What needs to be done → Print the line where "pasta-capellini-barilla-500gr-3 barilla pasta" occurs and every line that follows it in the data below, ending with the last line, precisely as written.

─── Dataset

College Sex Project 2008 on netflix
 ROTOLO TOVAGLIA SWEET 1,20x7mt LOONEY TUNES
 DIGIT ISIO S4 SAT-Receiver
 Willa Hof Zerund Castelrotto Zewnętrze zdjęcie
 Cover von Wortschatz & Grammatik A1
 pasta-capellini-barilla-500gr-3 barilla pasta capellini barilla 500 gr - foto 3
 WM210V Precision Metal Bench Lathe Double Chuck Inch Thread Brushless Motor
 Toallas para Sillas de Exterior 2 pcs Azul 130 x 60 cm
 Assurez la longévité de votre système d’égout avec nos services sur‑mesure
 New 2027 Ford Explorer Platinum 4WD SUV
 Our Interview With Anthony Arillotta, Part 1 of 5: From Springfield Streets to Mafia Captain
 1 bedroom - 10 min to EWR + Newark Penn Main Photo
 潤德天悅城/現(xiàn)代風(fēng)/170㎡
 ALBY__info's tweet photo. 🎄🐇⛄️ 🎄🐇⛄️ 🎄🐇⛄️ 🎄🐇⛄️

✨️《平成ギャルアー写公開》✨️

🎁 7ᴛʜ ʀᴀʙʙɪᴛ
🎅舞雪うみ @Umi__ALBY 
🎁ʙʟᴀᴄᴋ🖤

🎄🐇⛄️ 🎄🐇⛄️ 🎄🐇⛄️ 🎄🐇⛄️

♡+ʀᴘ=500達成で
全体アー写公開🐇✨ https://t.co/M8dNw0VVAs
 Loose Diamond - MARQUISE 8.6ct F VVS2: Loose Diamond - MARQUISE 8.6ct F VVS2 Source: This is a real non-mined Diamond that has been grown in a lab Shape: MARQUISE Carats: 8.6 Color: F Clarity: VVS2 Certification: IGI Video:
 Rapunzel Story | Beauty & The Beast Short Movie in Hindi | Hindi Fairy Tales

──────

Final answer →
 pasta-capellini-barilla-500gr-3 barilla pasta capellini barilla 500 gr - foto 3
 WM210V Precision Metal Bench Lathe Double Chuck Inch Thread Brushless Motor
 Toallas para Sillas de Exterior 2 pcs Azul 130 x 60 cm
 Assurez la longévité de votre système d’égout avec nos services sur‑mesure
 New 2027 Ford Explorer Platinum 4WD SUV
 Our Interview With Anthony Arillotta, Part 1 of 5: From Springfield Streets to Mafia Captain
 1 bedroom - 10 min to EWR + Newark Penn Main Photo
 潤德天悅城/現(xiàn)代風(fēng)/170㎡
 ALBY__info's tweet photo. 🎄🐇⛄️ 🎄🐇⛄️ 🎄🐇⛄️ 🎄🐇⛄️

✨️《平成ギャルアー写公開》✨️

🎁 7ᴛʜ ʀᴀʙʙɪᴛ
🎅舞雪うみ @Umi__ALBY 
🎁ʙʟᴀᴄᴋ🖤

🎄🐇⛄️ 🎄🐇⛄️ 🎄🐇⛄️ 🎄🐇⛄️

♡+ʀᴘ=500達成で
全体アー写公開🐇✨ https://t.co/M8dNw0VVAs
 Loose Diamond - MARQUISE 8.6ct F VVS2: Loose Diamond - MARQUISE 8.6ct F VVS2 Source: This is a real non-mined Diamond that has been grown in a lab Shape: MARQUISE Carats: 8.6 Color: F Clarity: VVS2 Certification: IGI Video:
 Rapunzel Story | Beauty & The Beast Short Movie in Hindi | Hindi Fairy Tales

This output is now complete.